Only the pictures should be dropped; every line of the data must come back exactly as written.

* [Given data]
--------------------------------
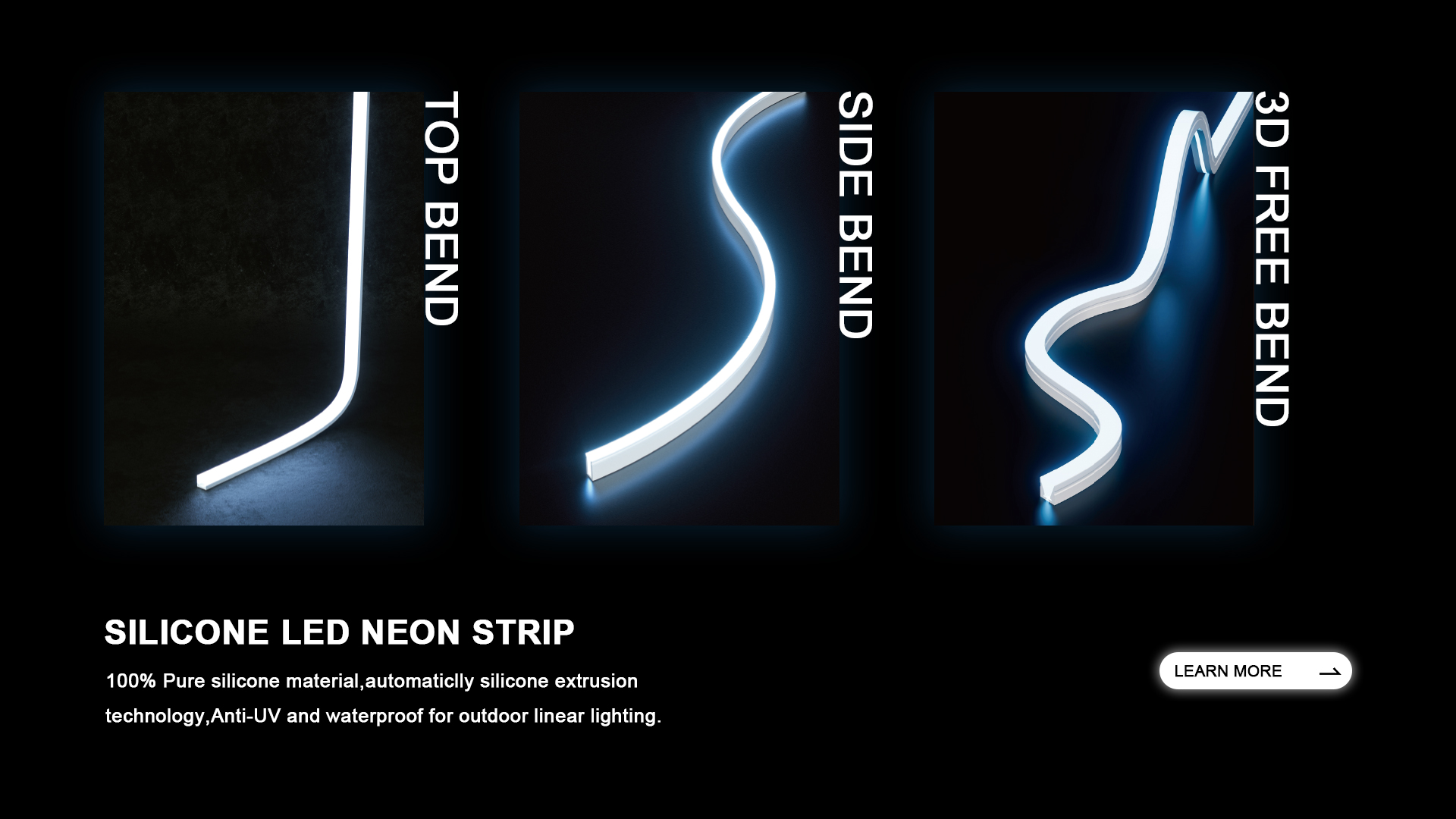 Silicone LED Neon Strip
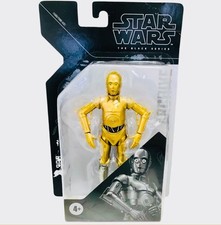 Hasbro Star Wars Black Series Archive C-3PO 6 Action Figure NIB
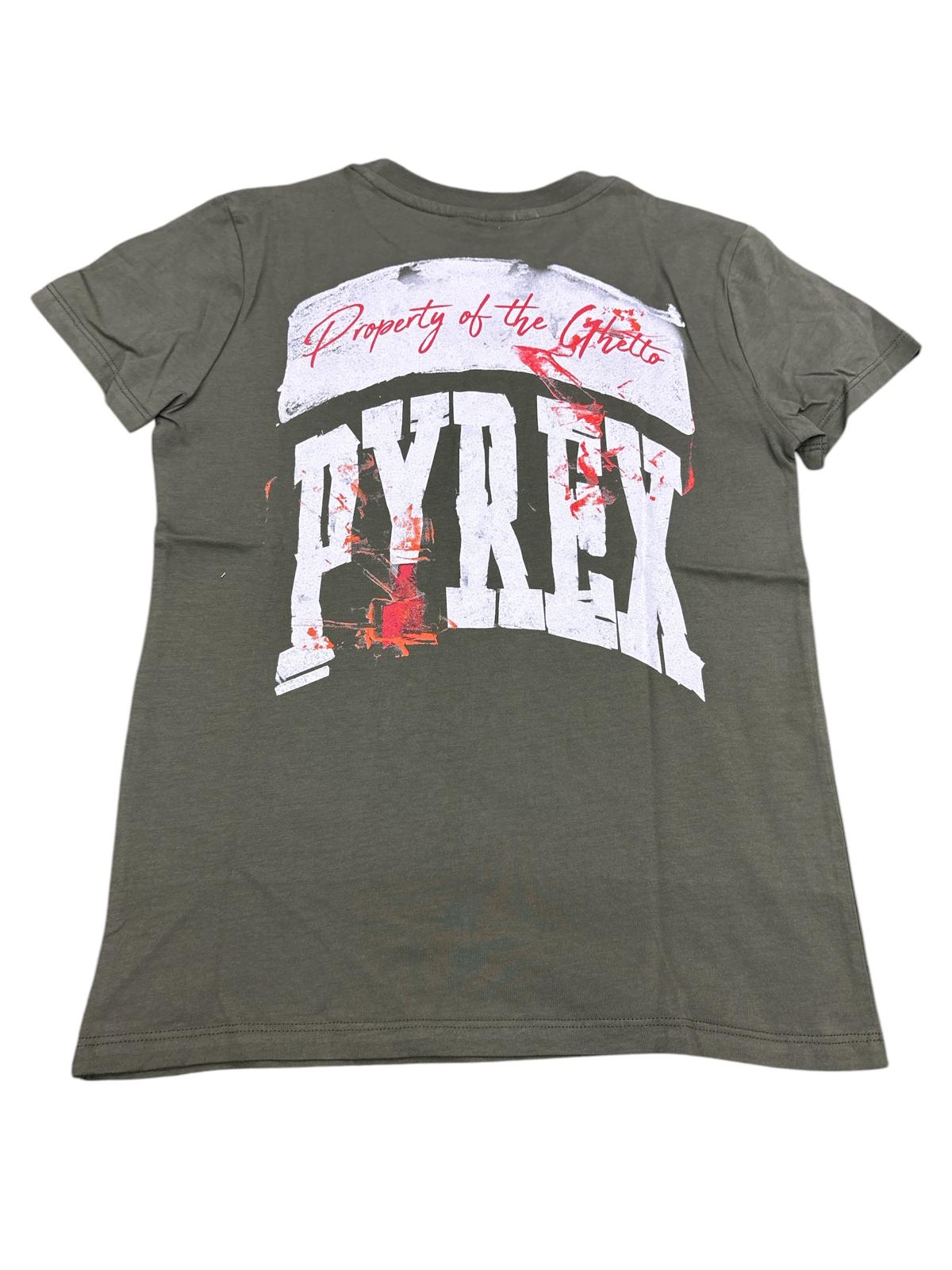 T-SHIRT - PYREX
--------------------------------
* [Task result]
 Silicone LED Neon Strip
 Hasbro Star Wars Black Series Archive C-3PO 6 Action Figure NIB
 T-SHIRT - PYREX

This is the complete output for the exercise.